FYI, #8 hardware cloth is available on-line and most local hardware stores such as Ace /True Value Hardware.


----------



## rebecca121760 (Aug 25, 2016)

Okay. Yes, I love that the beetles just fall through the number 6. We haven't found any bees in there yet. I wonder about #7. I can find !/2 inch, 1/4 inch and #8. I think #8 is what we have on our other screen board. It just isn't big enough for the beetles to fall through. We found 80 beetles in the trap in less than 6 hours so I am thankful.
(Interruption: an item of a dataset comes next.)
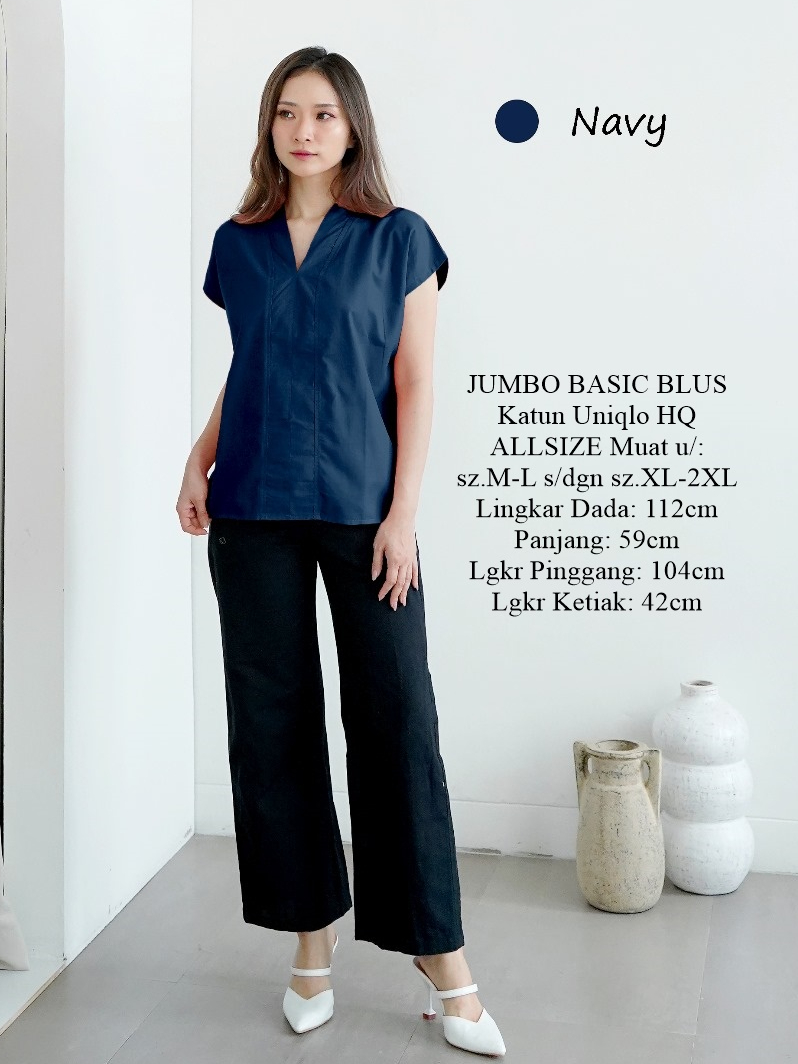Jual Blus basic polos jumbo blouse casual big size bahan katun BA92F ...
We have already had one hive absond that was infested like that. We are first year beekeepers so we were pretty darn sad. Thank you!!


----------



## snapper1d (Apr 8, 2011)

#6 hardware cloth is 3/16". Small cell foundation is 4.9 mm. 3/16" = 4.7625 mm. Bees from regular foundation which is even larger would have a pretty dog gone tough time getting through a hole smaller than they are.


----------



## snapper1d (Apr 8, 2011)

I forgot to say there is one thing harder than a bee getting through #6 hardware cloth and that would be finding someone who sells #6 hardware cloth.


----------



## Rader Sidetrack (Nov 30, 2011)

snapper1d said:


> #6 hardware cloth is 3/16".


That is not correct. 

There are 6 wires per inch in #6 hardware cloth.
1/6 = 0.1666	
As a comparison, 3/16 = 0.1875

In addition, the 'holes' in #6 cloth are reduced by the diameter of the wire used. So, subtract say 0.017" (wire) from 0.1666" wire spacing. 
0.1666 - 0.017 = 0.1496" 'hole' size

Convert that result to millimeters and you get 3.8 mm 'hole' size.


----------



## Rader Sidetrack (Nov 30, 2011)

Grainger sells #6 hardware cloth, however, the linked product is expensive as its stainless steel.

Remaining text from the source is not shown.